China's industrial output and investment growth cooled in November while retail sales unexpectedly picked up, presenting a mixed growth picture.

The output from industrial enterprises with annual sales of more than 20 million yuan ($3.29 million) rose 10 percent from a year earlier, a fall from October's 10.3 percent year-on-year growth, according to data released by the National Bureau of Statistics on Tuesday.

The growth rate is lower than projections by various financial institutions.

Electricity output, a key indicator to gauge the vitality of industrial activities, fell to 6.8 percent year-on-year growth from 8.4 percent a month ago.

Meanwhile, China's urban fixed-asset investment growth cooled to 19.9 percent year-on-year in the January to November period, down 0.2 percentage point from the growth rate in the first 10 months. It is the lowest point for the whole year.

"The November industrial output and investment data showed a modest softening in the economy. The process may remain in the coming quarters," said Chang Jian, a senior Barclays Capital economist.

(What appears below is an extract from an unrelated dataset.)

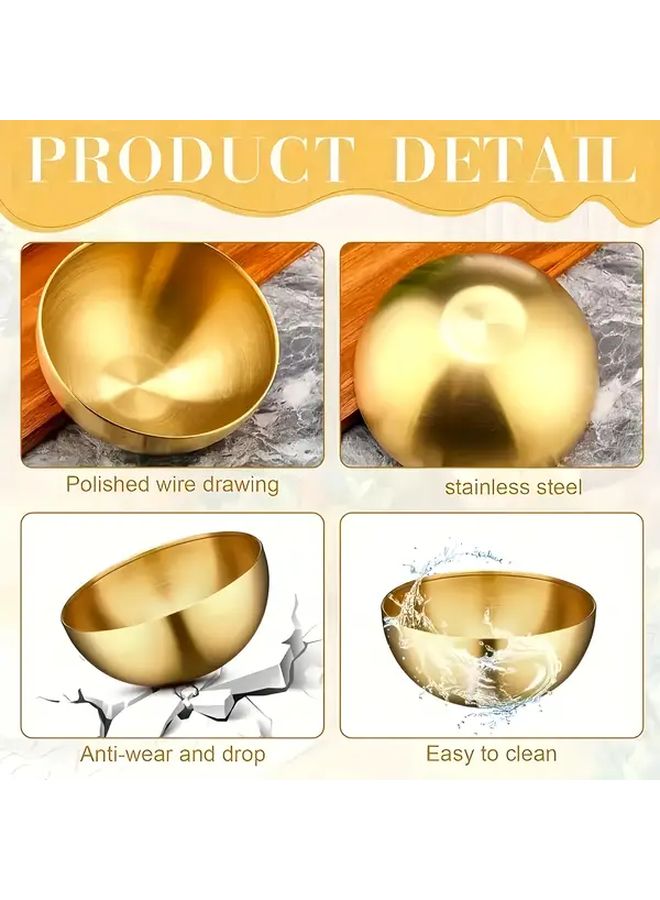 8 Piece Golden Stainless Steel Dinnerware Set 4 Plates 4 Bowls - Image 4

"In the fourth quarter, we expected GDP growth to be relatively stable at 7.6 percent, compared with 7.8 percent in the third quarter," she added.

While investment growth in the manufacturing sector fell by 0.5 percentage point compared with the January to October period, property investment heated up, defying the latest property purchase restriction measures taken in some cities.

The property sector attracted 7.74 trillion yuan of investment in the first 11 months, up 19.5 percent year-on-year. The growth rate is 0.3 percentage point higher than that of the first 10 months.

The value of homes sold in November rose 19 percent to 720.4 billion yuan, the highest since December 2011, from 604.8 billion yuan in October, according to the difference between the NBS' data for the first 11 months and first 10.

"The data surprised the market and showed that housing demand in China is still very strong," said Dai Fang, a Shanghai-based property analyst at Zheshang Securities Co. "Raising the minimum down payment is not working effectively."

Retail sales were a high point among a slew of November data released by the National Bureau of Statistics. They advanced 13.7 percent over a year earlier, up from the 13.3 percent year-on-year growth in October.

China's retail sales will grow by more than 13 percent year-on-year for 2013, Commerce Minister Gao Hucheng said on Monday. The expected figure is lower than last year's 14.3 percent nominal growth.

Fan Jianping, chief economist at the State Information Center, said consumption growth is likely to be slower in 2014 amid weak market demand - and that may contribute less to the GDP figure. Investment growth may also slow to 17 percent next year because the financing costs may continue to rise under the high borrowing interest rate.